A primeira tarefa de Haddad é, por isso, consolidar o campo democrático ao redor da sua candidatura. Para isso, precisa de se tornar um candidato autónomo com campanha própria, centrada em temas que afectam os brasileiros. Bolsonaro evitará o confronto de ideias, refugiando-se em temas morais e em vacuidades: pouco interessa aos seus eleitores que ele seja o candidato mais impreparado de sempre.
Mas para Haddad isto é fundamental. Mais do que apelar ao medo e ao ódio ao oponente, será na base de um frentismo democrático negociado com os outros partidos; no diálogo com sectores religiosos moderados; na mobilização dos movimentos sociais em torno da reforma do Estado e da sociedade; e na atracção de muitos indecisos e abstencionistas que se poderá criar uma resistência.
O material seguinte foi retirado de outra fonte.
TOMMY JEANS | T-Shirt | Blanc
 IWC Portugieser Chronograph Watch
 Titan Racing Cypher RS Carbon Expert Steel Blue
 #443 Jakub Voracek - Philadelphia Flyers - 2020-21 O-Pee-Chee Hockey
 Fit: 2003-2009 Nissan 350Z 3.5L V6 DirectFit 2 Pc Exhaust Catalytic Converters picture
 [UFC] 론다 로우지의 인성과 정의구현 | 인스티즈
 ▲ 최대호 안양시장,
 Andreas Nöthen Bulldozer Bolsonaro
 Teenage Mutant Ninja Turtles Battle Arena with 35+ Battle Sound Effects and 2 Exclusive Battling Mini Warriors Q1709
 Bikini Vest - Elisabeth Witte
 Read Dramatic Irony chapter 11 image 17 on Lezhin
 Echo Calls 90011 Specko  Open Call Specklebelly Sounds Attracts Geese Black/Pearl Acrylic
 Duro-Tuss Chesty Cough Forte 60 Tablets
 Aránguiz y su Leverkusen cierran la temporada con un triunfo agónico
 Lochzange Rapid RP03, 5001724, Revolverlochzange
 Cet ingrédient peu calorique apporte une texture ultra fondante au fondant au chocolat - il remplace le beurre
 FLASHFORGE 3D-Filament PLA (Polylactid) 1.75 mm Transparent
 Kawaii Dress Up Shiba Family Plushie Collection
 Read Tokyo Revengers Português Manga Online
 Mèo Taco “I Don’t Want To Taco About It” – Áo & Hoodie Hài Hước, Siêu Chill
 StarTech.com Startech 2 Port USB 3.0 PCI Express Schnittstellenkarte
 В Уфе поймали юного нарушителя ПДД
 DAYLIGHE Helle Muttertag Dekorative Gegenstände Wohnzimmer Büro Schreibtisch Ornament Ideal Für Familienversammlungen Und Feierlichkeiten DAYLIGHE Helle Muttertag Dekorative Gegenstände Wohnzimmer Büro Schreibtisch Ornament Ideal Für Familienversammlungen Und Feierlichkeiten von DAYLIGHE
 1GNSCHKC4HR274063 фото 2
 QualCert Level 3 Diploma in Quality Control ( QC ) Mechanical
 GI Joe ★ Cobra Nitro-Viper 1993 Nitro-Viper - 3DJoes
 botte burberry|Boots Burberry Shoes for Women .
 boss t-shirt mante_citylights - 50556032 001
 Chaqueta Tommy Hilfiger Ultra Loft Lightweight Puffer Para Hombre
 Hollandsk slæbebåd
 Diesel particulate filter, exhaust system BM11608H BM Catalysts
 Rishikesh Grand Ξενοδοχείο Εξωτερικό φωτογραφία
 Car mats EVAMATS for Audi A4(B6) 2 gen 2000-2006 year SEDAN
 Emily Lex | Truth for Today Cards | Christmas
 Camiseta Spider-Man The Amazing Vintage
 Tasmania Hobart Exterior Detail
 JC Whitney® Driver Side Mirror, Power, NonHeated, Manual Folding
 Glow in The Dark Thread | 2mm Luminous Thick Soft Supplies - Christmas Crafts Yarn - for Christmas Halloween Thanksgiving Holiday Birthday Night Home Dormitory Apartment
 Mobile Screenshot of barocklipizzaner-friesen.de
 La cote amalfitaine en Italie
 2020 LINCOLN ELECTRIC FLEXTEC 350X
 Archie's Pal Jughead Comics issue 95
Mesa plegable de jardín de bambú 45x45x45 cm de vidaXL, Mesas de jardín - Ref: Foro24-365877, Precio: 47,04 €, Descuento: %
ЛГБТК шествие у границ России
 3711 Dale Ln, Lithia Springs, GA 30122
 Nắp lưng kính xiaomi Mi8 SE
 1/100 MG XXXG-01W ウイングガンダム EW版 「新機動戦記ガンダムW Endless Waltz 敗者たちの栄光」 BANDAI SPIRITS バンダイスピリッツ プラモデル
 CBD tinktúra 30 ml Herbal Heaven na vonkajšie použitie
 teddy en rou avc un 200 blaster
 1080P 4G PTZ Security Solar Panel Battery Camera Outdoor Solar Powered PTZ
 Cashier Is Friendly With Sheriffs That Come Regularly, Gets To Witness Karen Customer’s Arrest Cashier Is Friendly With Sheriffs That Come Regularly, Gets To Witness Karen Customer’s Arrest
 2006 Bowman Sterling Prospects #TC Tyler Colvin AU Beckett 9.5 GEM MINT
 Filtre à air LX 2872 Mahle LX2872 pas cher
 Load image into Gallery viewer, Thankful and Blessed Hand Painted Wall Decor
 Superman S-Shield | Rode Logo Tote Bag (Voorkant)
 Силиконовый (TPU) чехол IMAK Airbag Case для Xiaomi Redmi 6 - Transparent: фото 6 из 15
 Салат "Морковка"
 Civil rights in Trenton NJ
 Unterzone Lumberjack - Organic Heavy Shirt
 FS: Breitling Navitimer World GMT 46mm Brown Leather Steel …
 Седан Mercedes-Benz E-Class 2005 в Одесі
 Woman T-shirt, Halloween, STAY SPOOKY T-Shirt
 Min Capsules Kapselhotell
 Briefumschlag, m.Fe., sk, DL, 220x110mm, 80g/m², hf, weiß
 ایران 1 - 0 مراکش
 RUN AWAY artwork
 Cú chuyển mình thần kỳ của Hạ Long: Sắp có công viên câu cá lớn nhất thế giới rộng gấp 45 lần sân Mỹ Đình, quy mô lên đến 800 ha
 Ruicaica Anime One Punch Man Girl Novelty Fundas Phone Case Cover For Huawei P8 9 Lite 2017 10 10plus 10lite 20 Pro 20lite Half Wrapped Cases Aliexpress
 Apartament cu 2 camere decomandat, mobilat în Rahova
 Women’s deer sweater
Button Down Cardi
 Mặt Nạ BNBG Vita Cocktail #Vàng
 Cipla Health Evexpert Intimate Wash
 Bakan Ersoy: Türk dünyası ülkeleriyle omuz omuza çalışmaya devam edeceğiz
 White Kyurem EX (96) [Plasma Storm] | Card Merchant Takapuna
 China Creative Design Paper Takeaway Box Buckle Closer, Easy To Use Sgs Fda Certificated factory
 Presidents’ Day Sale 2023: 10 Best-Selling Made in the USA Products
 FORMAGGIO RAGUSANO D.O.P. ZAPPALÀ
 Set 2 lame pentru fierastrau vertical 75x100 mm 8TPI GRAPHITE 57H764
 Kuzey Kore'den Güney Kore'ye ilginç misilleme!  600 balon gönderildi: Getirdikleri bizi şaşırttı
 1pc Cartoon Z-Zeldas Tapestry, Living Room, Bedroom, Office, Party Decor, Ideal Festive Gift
Nas eleições recentes da França e dos Estados Unidos, largos sectores políticos recusaram essa convergência democrática – por não verem concessões políticas relevantes; por verem o receio de um golpe fascista como parte de uma chantagem política; para evitar a associação que esse apoio implica. O risco de uma repetição do caso no Brasil é enorme. Mas o sistema político brasileiro não tem os mesmos mecanismos de freios e contrapesos que se encontram na América, nem o espartilho de uma UE.
A vitória de Bolsonaro causará ondas de choque profundas dentro e fora do Brasil. Não só pelo que o próprio poderá fazer, mas pelo que outros se sentirão autorizados a passar a fazer. Parece que chegou a hora do tudo ou nada.
O autor escreve de acordo com a antiga ortografia.